In the previous 11 episodes, we have described and discussed the four pillars of resilience: Mindset, Heartset, Bodyset and Soulset. Now, we are getting to the really fascinating exploration of how these four pillars interact. We’re diving into our internal psychological lives to see how our psychological strengths and weaknesses impact our resiliency but also how they affect our spiritual lives. Because as a Catholic psychologist, I’m really focused on how psychological factors, our psychological structures, our psychological functioning, our entire psychological lives impact how we accept love from God and how we love God in return. It all boils down to that. If what I do as Catholic psychologist doesn’t at least help others to accept God’s love and to love God in return – then I am missing the point of the greatest commandment.
So what is the main sign of psychological health? What is it? Take a minute and consider it. What do you think the main distinguishing characteristic of mental health is? Let’s struggle with this a bit. In fact, some of you gutsier types might even be willing to stop this podcast for a few minutes and write down your ideas before you listen further. Write them down, email them to me at crisis@soulsandhearts.com or text them to me at 317.567.9594 – let me know before you continue on. Let me know what you are thinking! I want to hear from you. The answer to the question of what is the main sign of psychological health may not be what you think. Let’s explore this together
I promise that I will tell you what this central, essential psychological characteristic is. Not only that, today, I’m going to go over with you the disadvantages of not having that essential quality. I’m also going to give you a bunch of examples of why this particular quality matters so much and I’m also going to give you some guidance in how to overcome the deficits you have in that area. All today, all for you. So hang in there with me.
We are going to start with a story, with a fable by Aesop which will help to illustrate the point. I really want this to stick with you. So it’s storytime with Dr. Peter.
A man who had traveled in foreign lands boasted very much, on returning to his own country, of the many wonderful and heroic feats he had performed in the different places he had visited. Among other tales, he told his listeners that when he was at Rhodes, he had leaped to such a distance that no man of his day could leap anywhere near him as to that. The traveler claimed there were in Rhodes many persons who saw his prodigious leap, and he could call them in as his witnesses. The traveler firmly believed his own tale and was adamant about his abilities, and was convincing many of his listeners. One bystander, though, interrupted him, and said: "Now, my good man, if this be all true we have no need of witnesses in Rhodes.

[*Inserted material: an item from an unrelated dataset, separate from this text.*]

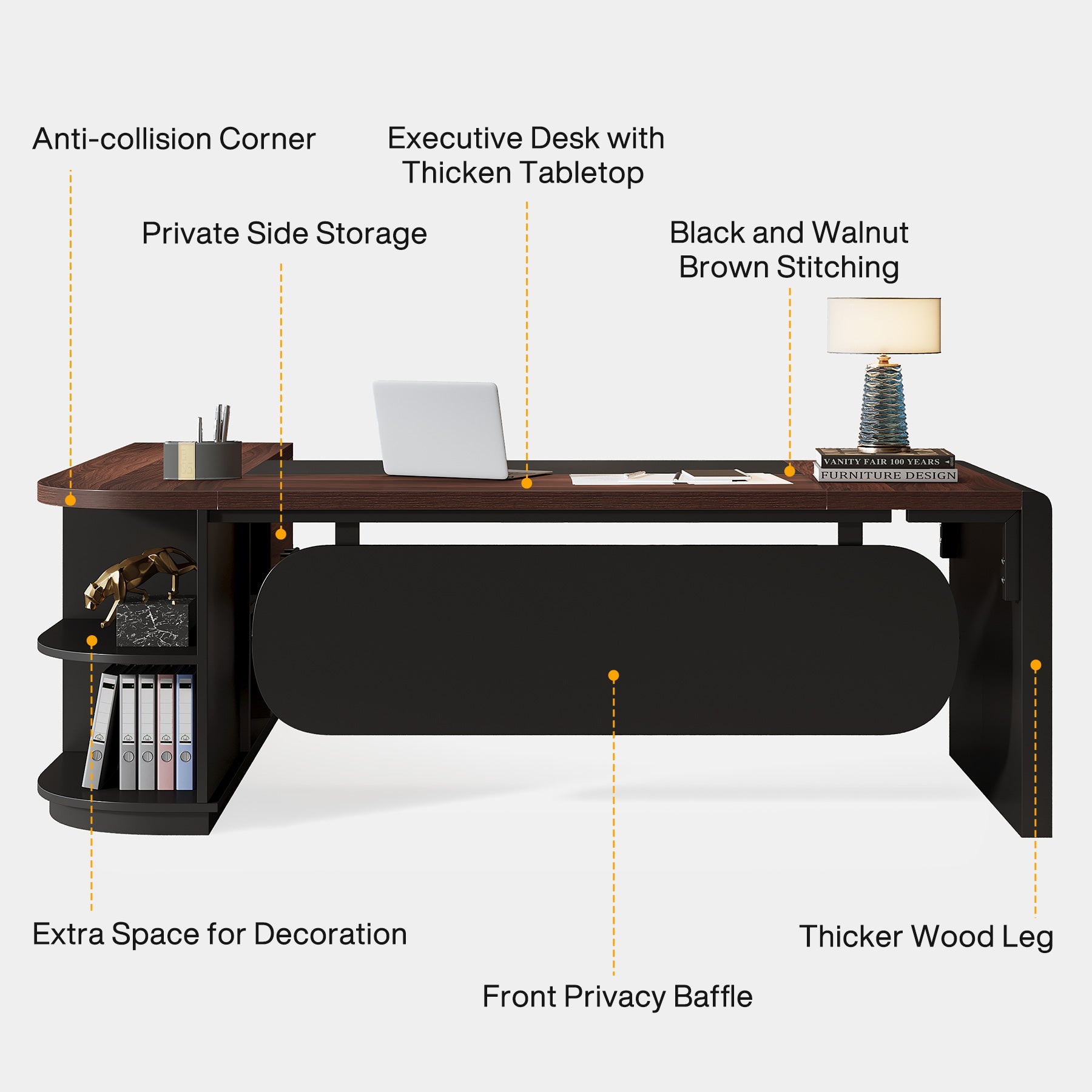 Large 80" L-Shaped Computer Desk with Storage Drawers, Executive Office Workstation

Let’s pretend that we are in Rhodes. Let us see you leap! Jump for us!"
What kind of personality does the boasting traveler demonstrate in this little vignette? What do you think? Dependent, Schizoid, Obsessive, Paranoid, Self-defeating, hysterical, psychopathic, narcissistic, depressive, dissociative -- what do you think.
One might argue that you can’t definitively assign a personality style to an imagined character – Oh, but I can. And I am going to do it, right now.
I see this character, the boasting traveler as narcissistic. Many of you may have guessed that. People with narcissistic styles work hard to maintain a very fragile sense of self-worth by getting affirmation from outside themselves. Something very important is missing – they don’t have deep sense of essential goodness – that they are good because they exist and are made in the image and likeness of God. At a deep level, often in their unconscious, they feel loveless and fraudulent and are very frightened of their inner sense of inferiority, weakness, shame, and inadequacy. They work really hard to keep this out of awareness by focusing on the admiration and complements of others. But their efforts so often backfire and they wind up exactly where they don’t want to be – exposed, ashamed, rejected, despised, alienated from others – like the boasting traveler in the vignette.
Whenever there is psychological disorder, there are disconnects in the internal working of the person. In the case of the traveler, with his narcissism, his idealized image of himself as a great jumper is disconnected from his actual ability. He is also disconnected from his deep needs and his deep desires, which are buried in his unconscious. So where there is psychological disorder and distress there are disconnects from reality, internal psychological elements are no longer interconnected, they are split off and fractured, and we break down.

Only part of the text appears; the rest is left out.